Dataset content ->
----

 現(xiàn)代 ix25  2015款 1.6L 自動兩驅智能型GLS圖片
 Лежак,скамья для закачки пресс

----

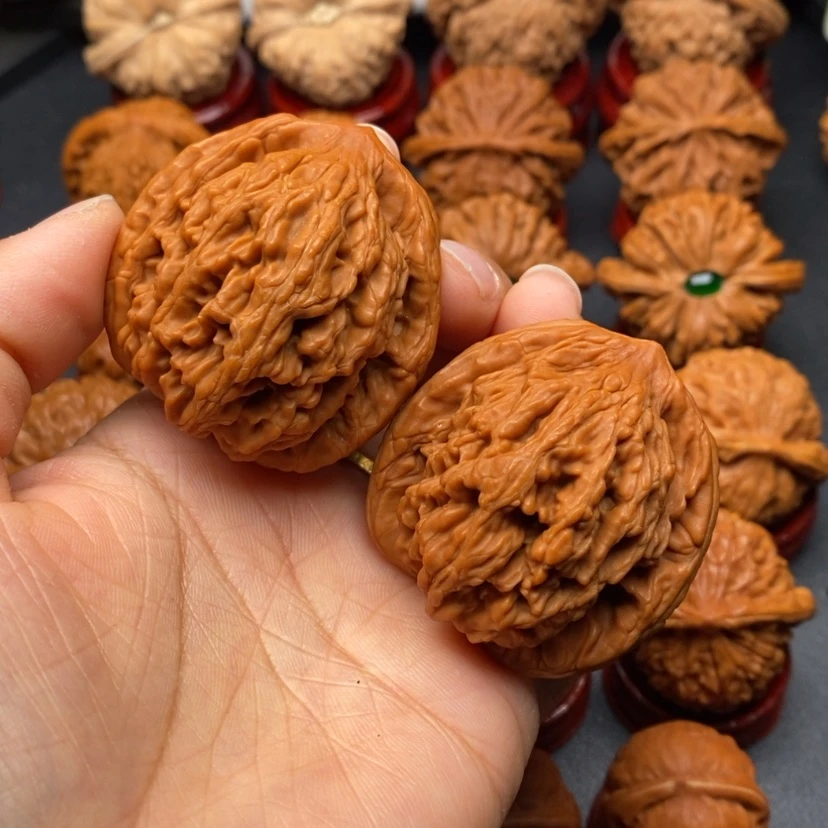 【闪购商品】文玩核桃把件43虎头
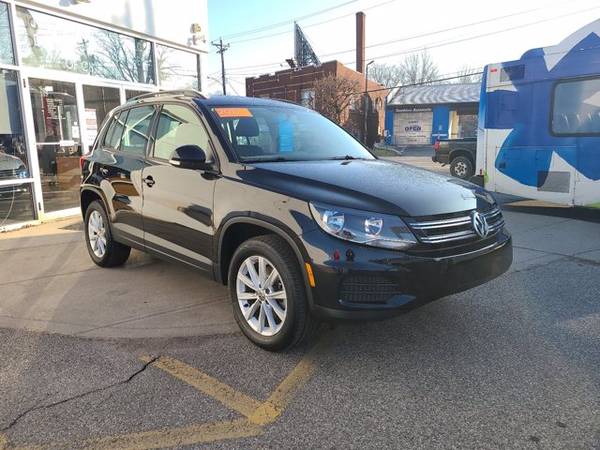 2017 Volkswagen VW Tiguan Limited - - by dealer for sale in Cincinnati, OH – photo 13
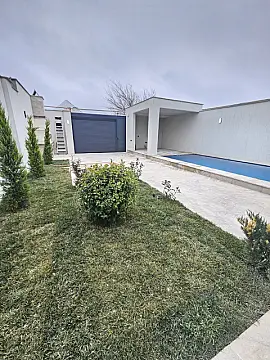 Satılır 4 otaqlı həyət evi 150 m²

----

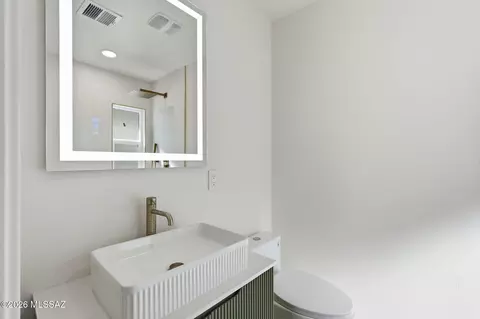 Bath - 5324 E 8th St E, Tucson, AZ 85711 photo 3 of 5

----

Start with the line above that contains "2015款 1.6L 自動兩驅智能型GLS圖片" and stop after the line that contains "Лежак,скамья для закачки пресс". Output those lines exactly, and only those.

Task response ->
 現(xiàn)代 ix25  2015款 1.6L 自動兩驅智能型GLS圖片
 Лежак,скамья для закачки пресс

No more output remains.